[Cython] Fwd: Re: [Numpy-discussion] Proposed Roadmap Overview

Robert Bradshaw robertwb at math.washington.edu
Tue Feb 21 21:29:54 CET 2012


On Tue, Feb 21, 2012 at 12:18 PM, Nathaniel Smith <njs at pobox.com> wrote:
> On Tue, Feb 21, 2012 at 8:02 PM, Robert Bradshaw
> <robertwb at math.washington.edu> wrote:
>> On Tue, Feb 21, 2012 at 9:19 AM, mark florisson
>> <markflorisson88 at gmail.com> wrote:
>>> On 21 February 2012 04:42, Robert Bradshaw <robertwb at math.washington.edu> wrote:
>>>> Python bytecode -> LLVM is a great idea for creating ufuncs, the
>>>> overhead of Cython + GCC is atrocious for stuff like this. (I think
>>>> Cython could make a good frontent as well, especially if we generated
>>>> just the .c code for the function rather than a full extension module
>>>> and used a good compiler to generate machine code in-memory
>>>> on-the-fly.)
>>>
>>> I want elementwise functions and reductions for Cython as well, but
>>> they would be specialized according to the types you use them for, so
>>> it wouldn't be atrocious bloat (at least, no more then you'd already
>>> be having).
>>> I've been giving profile guided optimizations some thoughts as well, I
>>> think they are most neatly handled through a python tracer that is
>>> installed e.g. through sitecustomize which collects data about types,
>>> time spent in which code regions etc during testing and development.
>>> You can then tell Cython to compile the module, so e.g. if it
>>> registered "a numpy array" it could generate some specializations for
>>> dtypes either statically or dynamically through OpenCL. The
>>> alternative approach using code instrumentation would be more of a
>>> chore but would work just as well for Cython code with object-typed
>>> arguments.
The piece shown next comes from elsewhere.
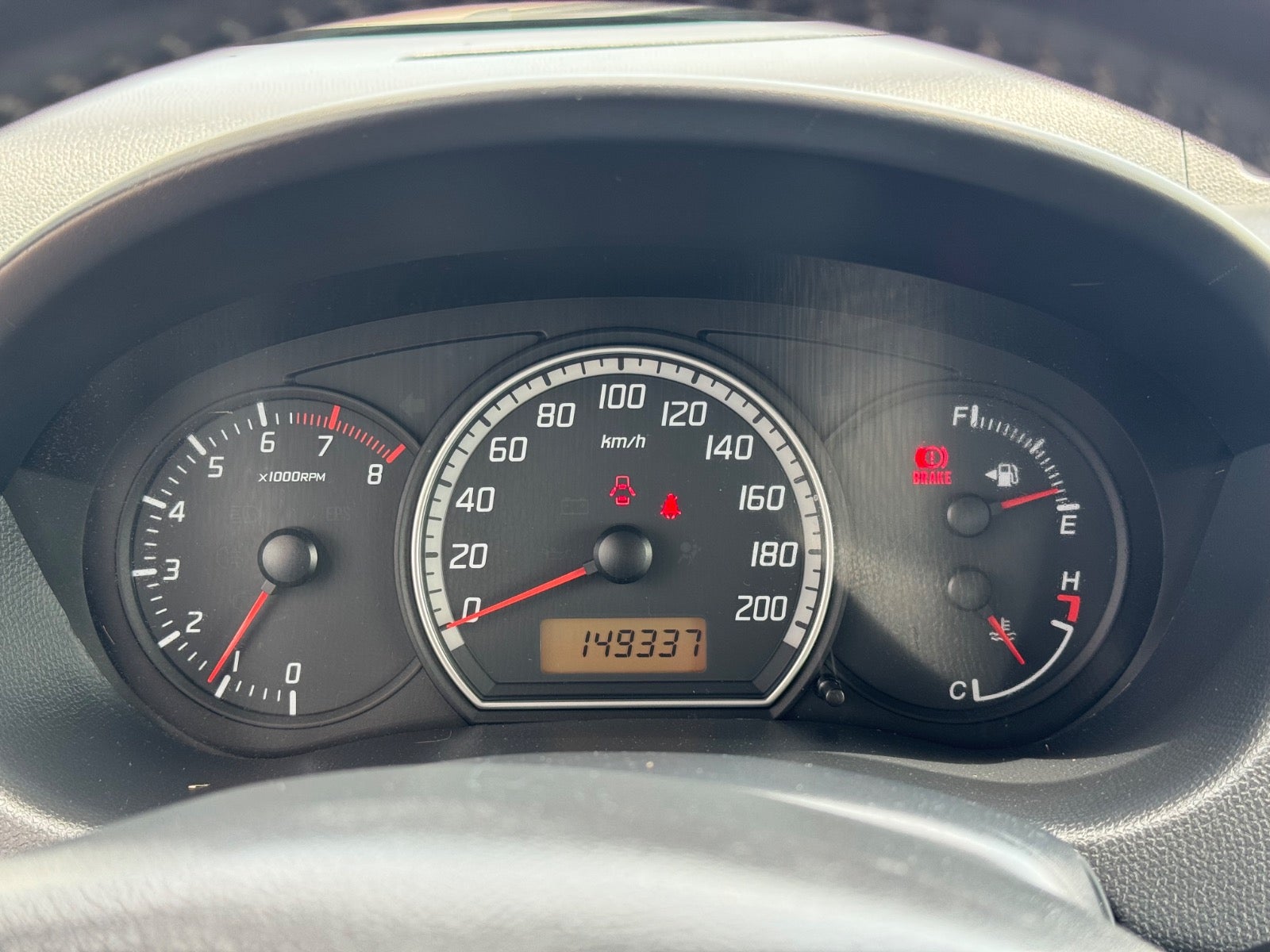 Billede af Suzuki Swift 1,3 GLS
That's all rather far off, and this looks like an
>>> interesting development.
>>
>> One of the reasons JIT compilers can do so well is that they can use
>> runtime profile information to write specialized code. It'd be great
>> to be able to incorporate this kind of profiling into a Cython compile
>> too. One of the big missing features here is a "fallback mode" where
>> we can insert guards and fall back to generic code if they're not met,
>> which I think would open us up to a huge number of optimizations
>> without violating Python semantics.
>
> A really neat first-step would be to write a straight LLVM backend for
> Cython -- instead of generating code, one could generate equivalent
> in-memory IR. (The really hacky way to do this would be to throw the
> output of the current C code generator through Clang.) That seems
> achievable (at least as pie-in-the-sky projects go), and even if
> no-one ever got around to adding fancier profile-guided optimizations,
> it would still be useful.

For better or for worse, Python is still pretty tied to C (or C like
languages, with higher level concepts like function calls). But
spitting out C snippets for Clang to consume would still be cool.

> For instance, it would be possible to not
> just import .pyx modules directly, but reload() them after editing
> (!!). Or have a cython.inline() function that works like weave.inline,
> but more awesome.

Note that there is a cython.inline:
http://wiki.cython.org/enhancements/inline . The compile-time overhead
(it creates a full extension module to compile with gcc (but does do
caching)) could be greatly improved with something like this.